Os dois garotos foram atingidos por disparos que, segundo a PM, eram um revide ao ataque de traficantes. As famílias, por sua vez, contestaram a versão sob a justificativa de que as vítimas eram inocentes e os militares chegaram atirando. Segundo a polícia, os inquéritos foram concluídos e encaminhados à Justiça.
Já em junho de 2021, a população do Curuzu foi às ruas pedir justiça pelas mortes da dona de casa Maria Célia de Santana, de 73 anos, e da manicure Viviane Soares, de 40, que foram atingidas por disparos enquanto conversavam na porta de casa, próximo à Senzala do Barro Preto, sede do Ilê Aiyê.
Viviane era tia de Railan e havia chorado a morte do sobrinho sete meses antes. Ela deixou um filho de 10 anos. Segundo a PM, houve troca de tiros durante perseguição a um homem que dirigia um carro roubado. A Polícia Civil investiga as circunstâncias.
Em geral, em casos como os de Micael, Railan, Maria e Viviane, para além do luto, os familiares das vítimas convivem com o medo. Parentes evitam falar sobre o assunto por não se sentirem seguros.
“Infelizmente, a realidade é que não tem nada que nos garanta a proteção. Meu filho morreu por um tiro disparado por um militar. Eu gostaria muito de falar, mas tenho medo. E não quero reviver o sentimento mais triste que existe. Continuo morando no mesmo lugar, tenho que sair para trabalhar. Continuo vivendo inseguro, prefiro me preservar, porque infelizmente não serei o último a passar por isso”, afirmou o pai de um jovem à reportagem.
Presidente da Comissão de Direitos Humanos da Ordem dos Advogados do Brasil seccional Bahia (OAB-BA), Jerônimo Mesquita comenta que 70% das demandas recebidas na autarquia se referem a casos relacionados a ações policiais.
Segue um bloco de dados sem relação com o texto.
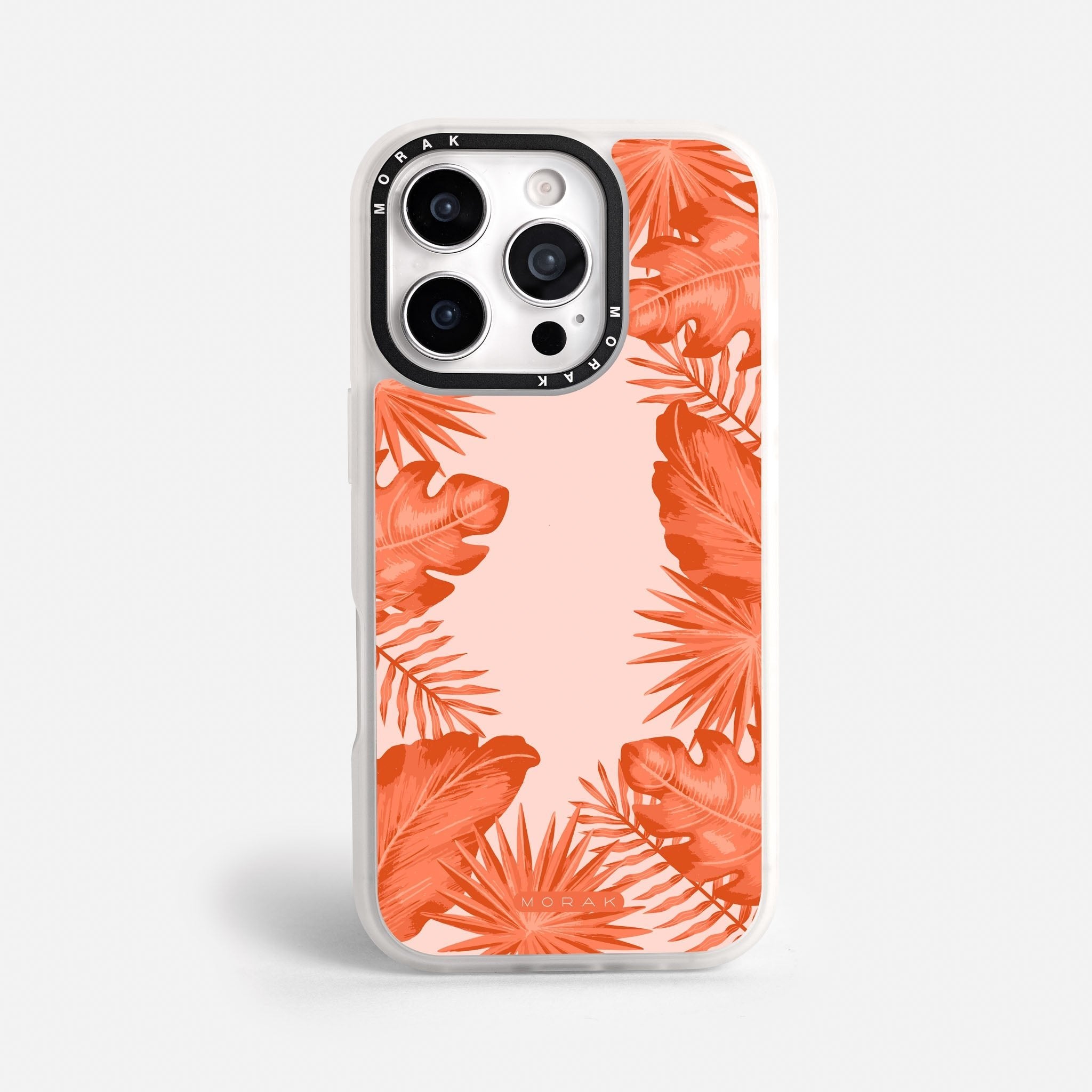Case Funda Coral Leaves - Blanco Premium Para iPhone 17-12 Samsung S26-S22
Ainda segundo ele, em 100% das situações, os mortos são jovens negros, de 16 a 25 anos, moradores de regiões periféricas.
“Depois que recebemos as denúncias, formamos o processo e passamos a acompanhar junto à corregedoria (da polícia)”, explica Mesquita, ao destacar que investigações como essas podem demorar meses ou até anos. “Não temos problemas quanto à transparência das investigações, o que dificulta é a morosidade dos processos”, complementa.
Jerônimo diz ainda que o número de casos que chegam à OAB não sofrem redução há pelo menos oito anos, tempo em que ele está à frente da comissão. “O nosso trabalho é importante porque dá visibilidade. Por isso, as famílias nos procuram muito. Mas também é muito comum que não queiram formalizar a denúncia por medo, o que dificulta o processo”. Ele reforça que, independente do tempo, os familiares devem denunciar os casos junto aos órgãos competentes a fim de facilitar o esclarecimento dos fatos.
Em nota enviada ao Estadão, a Secretaria da Segurança Pública do Estado da Bahia (SSP-BA) informou que as polícias Civil e Militar investem anualmente em treinamento para utilização da força apenas em caso de necessidade e de forma escalonada, durante operações, abordagens e blitze.
“O uso de arma letal é sempre a última opção, utilizada quando existe a necessidade de proteger a vida dos policiais envolvidos no confronto e de inocentes. A SSP destaca ainda que todos os autos de resistências (mortes em decorrência de ações) são investigados pelas corregedorias que atuam de forma rígida, quando existe indício de excesso”, finalizou a pasta.